SAS admits warns investors it may miss full-year targets after pilot strike
The Scandinavian airline issued a warning to investors that it will find it difficult to hit its full-year targets after a recent strike by pilots.
SAS has issued a warning to investors that it is unlikely to hit its full-year earnings forecast after a recent strike by pilots over pay and working conditions put a significant dent in the airline’s second quarter results.
The Scandinavian airline, which is still state-owned by Sweden and Denmark after Norway sold its entire holding in the carrier, had expected to record a strong set of annual results.
Pilot strike major blow as SAS contends with multiple headwinds
SAS, along with its European rivals, have had to contend with soaring fuel prices and intense competition between carriers to cut ticket prices.
The Scandinavian airline has also struggled to keep costs down after renewing its aging fleet of planes, with the pilots’ strike nullifying the company’s restructuring efforts over several years to help the business find stable footing.
The pilots’ strike forced SAS to cancel approximately 4,000 flights between April 26 and May 3, with around 370,000 customers being affected.
SAS share price down 6% as pilot strike takes its toll
SAS has said that the strike is estimated to cost the airline around SEK 650 million (£53.5 million), with the news helping to send its share price 6% lower on Wednesday morning.
The news prompted the airline to consider more restructuring efforts and to extend its existing programme as far as 2021.

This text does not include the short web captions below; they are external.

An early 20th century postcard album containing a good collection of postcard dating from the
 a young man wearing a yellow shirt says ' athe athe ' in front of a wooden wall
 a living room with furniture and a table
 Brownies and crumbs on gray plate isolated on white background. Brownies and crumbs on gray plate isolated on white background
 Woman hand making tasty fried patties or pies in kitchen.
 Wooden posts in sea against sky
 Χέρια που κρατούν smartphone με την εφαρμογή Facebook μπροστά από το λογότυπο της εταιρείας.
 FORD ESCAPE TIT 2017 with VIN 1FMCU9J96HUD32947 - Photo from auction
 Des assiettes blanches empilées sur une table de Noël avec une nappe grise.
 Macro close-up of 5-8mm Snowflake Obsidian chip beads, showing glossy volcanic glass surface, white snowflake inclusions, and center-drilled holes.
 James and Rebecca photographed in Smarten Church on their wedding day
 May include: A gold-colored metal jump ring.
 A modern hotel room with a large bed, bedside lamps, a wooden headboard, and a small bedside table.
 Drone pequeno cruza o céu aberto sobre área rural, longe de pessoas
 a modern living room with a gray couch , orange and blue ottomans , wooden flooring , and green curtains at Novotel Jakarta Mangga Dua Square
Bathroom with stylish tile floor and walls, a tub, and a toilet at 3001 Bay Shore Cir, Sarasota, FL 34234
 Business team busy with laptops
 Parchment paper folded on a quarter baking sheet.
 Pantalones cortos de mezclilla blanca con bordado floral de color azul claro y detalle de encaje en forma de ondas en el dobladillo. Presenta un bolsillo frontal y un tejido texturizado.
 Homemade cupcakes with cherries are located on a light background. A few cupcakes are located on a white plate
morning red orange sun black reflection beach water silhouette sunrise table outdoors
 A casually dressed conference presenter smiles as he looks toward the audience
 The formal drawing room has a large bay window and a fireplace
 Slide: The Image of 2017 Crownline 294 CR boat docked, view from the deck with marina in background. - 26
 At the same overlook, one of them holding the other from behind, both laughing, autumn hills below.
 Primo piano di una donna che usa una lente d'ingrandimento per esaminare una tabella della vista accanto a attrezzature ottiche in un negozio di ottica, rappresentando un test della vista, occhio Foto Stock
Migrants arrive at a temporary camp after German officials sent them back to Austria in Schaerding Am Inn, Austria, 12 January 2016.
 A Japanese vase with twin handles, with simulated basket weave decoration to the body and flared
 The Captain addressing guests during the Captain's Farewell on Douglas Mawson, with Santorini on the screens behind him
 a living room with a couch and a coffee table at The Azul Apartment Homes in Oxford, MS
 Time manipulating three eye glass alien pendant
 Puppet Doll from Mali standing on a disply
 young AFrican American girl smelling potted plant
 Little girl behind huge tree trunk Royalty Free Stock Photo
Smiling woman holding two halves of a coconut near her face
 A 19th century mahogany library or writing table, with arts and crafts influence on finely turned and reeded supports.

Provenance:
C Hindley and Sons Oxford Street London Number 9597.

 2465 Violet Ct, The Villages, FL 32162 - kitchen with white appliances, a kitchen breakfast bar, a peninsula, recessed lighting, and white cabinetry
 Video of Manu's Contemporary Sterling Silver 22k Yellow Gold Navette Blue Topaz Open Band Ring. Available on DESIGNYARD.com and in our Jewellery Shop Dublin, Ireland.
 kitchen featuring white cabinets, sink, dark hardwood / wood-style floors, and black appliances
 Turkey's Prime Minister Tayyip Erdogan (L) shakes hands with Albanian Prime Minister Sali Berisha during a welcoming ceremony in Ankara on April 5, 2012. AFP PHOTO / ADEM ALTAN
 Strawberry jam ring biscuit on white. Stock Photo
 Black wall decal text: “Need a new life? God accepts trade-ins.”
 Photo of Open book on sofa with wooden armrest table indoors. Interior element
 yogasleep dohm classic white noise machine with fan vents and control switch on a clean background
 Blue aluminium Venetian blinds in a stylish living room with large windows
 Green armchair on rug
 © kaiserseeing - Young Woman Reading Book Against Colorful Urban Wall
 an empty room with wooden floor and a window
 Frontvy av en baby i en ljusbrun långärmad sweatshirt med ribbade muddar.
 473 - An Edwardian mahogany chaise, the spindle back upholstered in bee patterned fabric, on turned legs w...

'It will be about having to think in new ways about how we use digital solutions to automate many more tasks that we today handle manually,' SAS CEO Rickard Gustafson told Reuters.
'Operating an airline requires an extreme amount of complex planning - of maintenance, of networks, of staffing. This machinery is of course well suited for optimising with modern technology. There is still a lot to do here,' he added.